Project Details
Description
The design and analysis of exchange rate regimes has long been a research priority. The subject has attracted even more attention recently because of the emerging-market crises of the 1990s, and the ensuing controversies over how the exchange rate was managed. In those episodes the domestic financial system often crashed along with the currency. Moreover, financial considerations -such as the health of banks or the size of dollar debt posed severe constraints on the conduct of monetary policy. For these reasons, increasingly the focus of research is on the interaction between the structure of the financial systems and the effects of exchange rate policy. For instance recent work has stressed that in the presence of liabilities denominated in foreign currency a devaluation can weaken the balance sheets of domestic firms and reduce their access to world credit markets thus causing a fall in investment. aggregate demand. and output. In joint work with Luis Felipe Cespedes of NYU, the investigators were among the first to model this channel in the context of a dynamic stochastic general equilibrium model and to explore its implications for monetary and exchange rate policies. But the literature that studies monetary policies in open economies with imperfect fi-nancial markets is still in its infancy. This project advances this line of work in two directions:
(i) It develops formal models of how exchange rate policy may have an impact on overall activity through the effect of exchange rates on balance sheets and, more generally, on credit constraints. Previous work relied on some very strong simplifying assumptions.
(ii) It analyzes the proper choice of monetary and exchange rate policy. Almost all papers so far have looked at once and for all monetary reactions to a particular shock.

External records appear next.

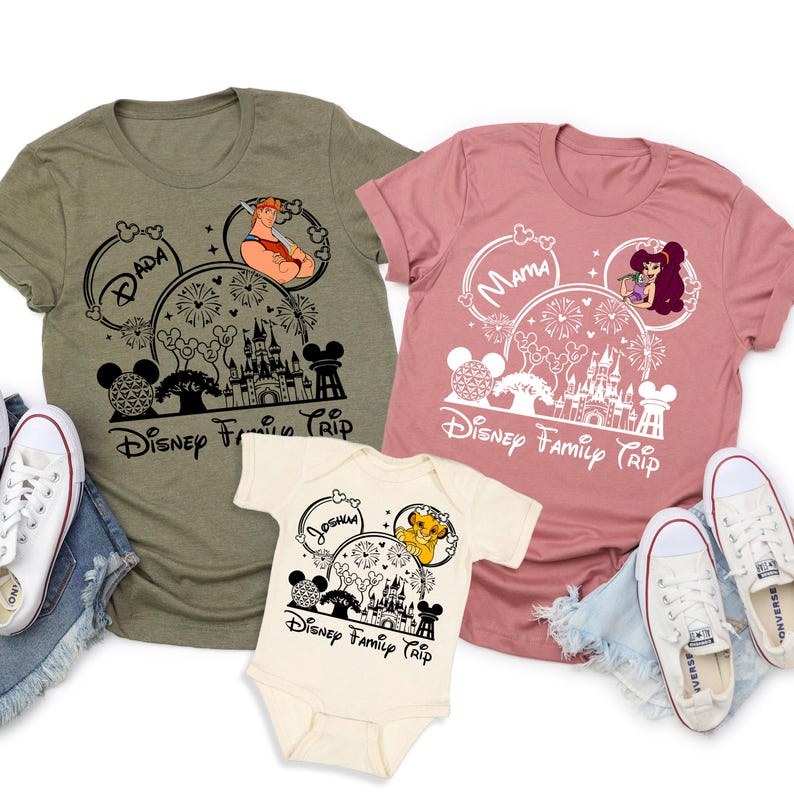 Puede incluir: Tres camisetas con tem&aacute;tica de Disney y un body para beb&eacute;. Las camisetas son de color verde oliva y rosa empolvado, y el body es de color crema. Cada art&iacute;culo presenta un dise&ntilde;o de oreja de Mickey Mouse con personajes de Disney, fuegos artificiales y el texto "Disney Family Trip".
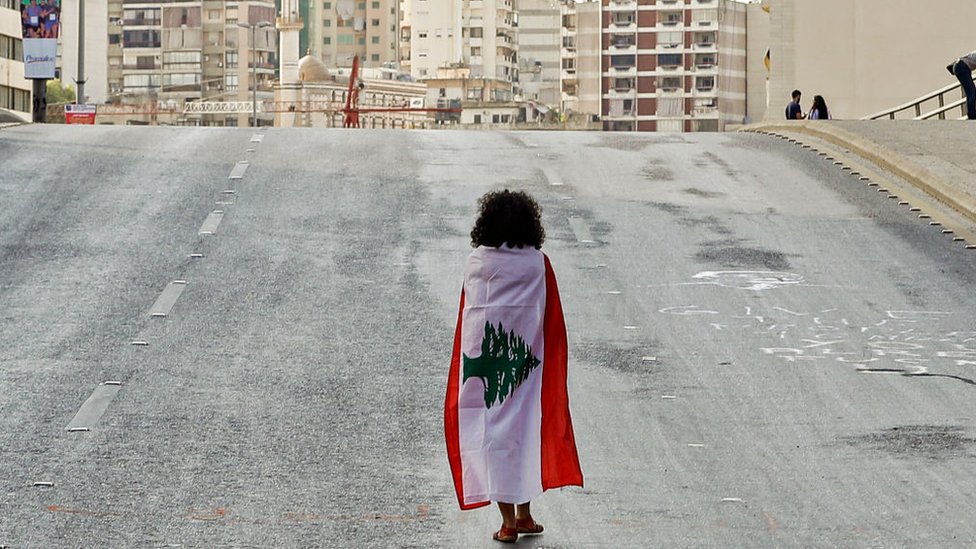 امرأة تغطي نفسها بعلم لبنان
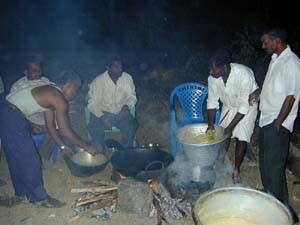 Anandan prepares 'vadai' for his guests as part of his housewarming celebrations.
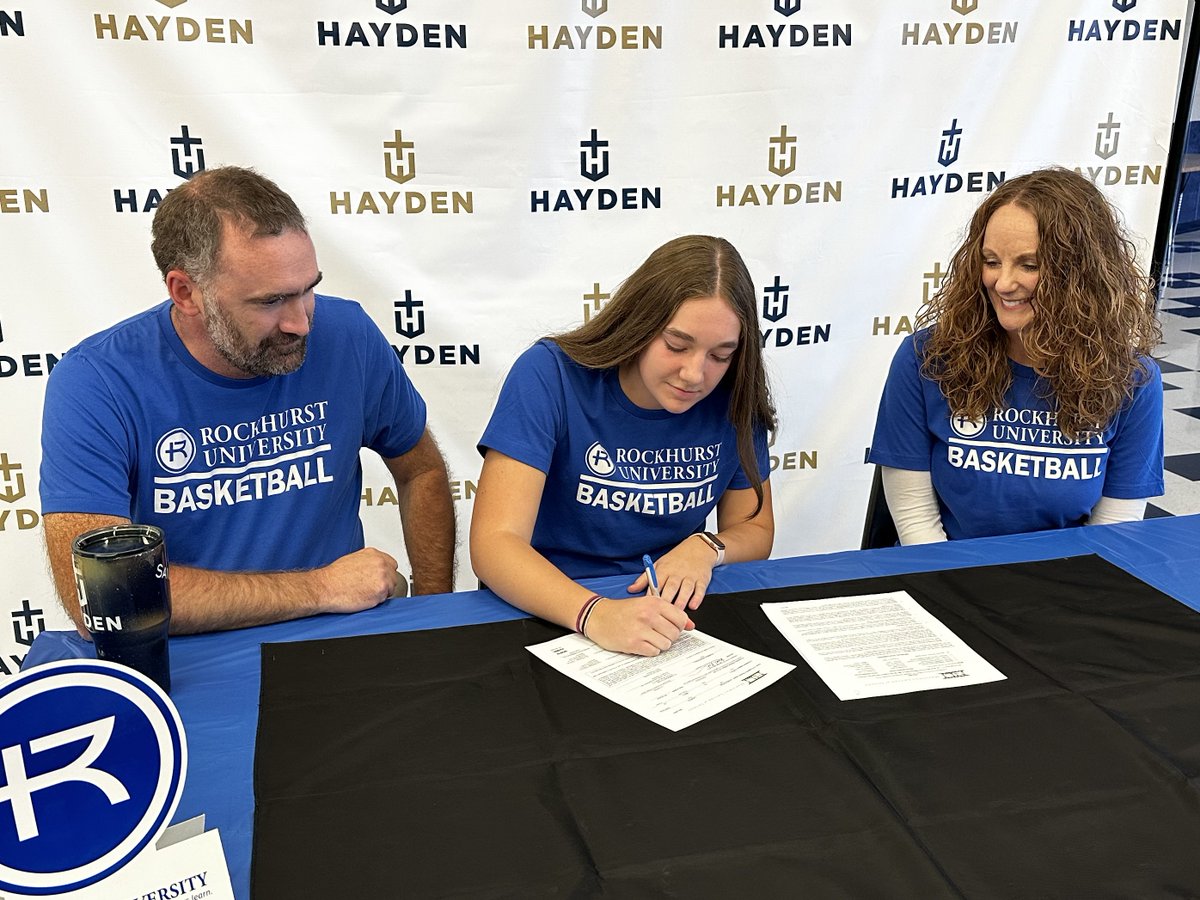 . <a href="/HaydenHigh/">Hayden Catholic HS</a> multisport standout <a href="/LaurenSandstr0m/">Lauren Sandstrom</a>, flanked by her parents, James and Stacey, signs her letter of intent with <a href="/RUhawks/">Rockhurst Athletics</a> for women's basketball Friday at Hayden.  <a href="/HaydenGirlsBbal/">Hayden Girls Basketball</a>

This project characterizes the optimal monetary policy rule with and without commitment.
The theoretical results, and the quantitative implications of calibrated simulations of the models could have important implications for a number of policy issues. Could floating be the optimal exchange rate policy in the presence of financial imperfections? What is the optimal monetary policy in a floating regime? In particular. how close should the correlation be between home and foreign nominal interest rates? Can the optimal policy be replicated or approximated by an inflation-targeting rule? If so. how should that rule be designed?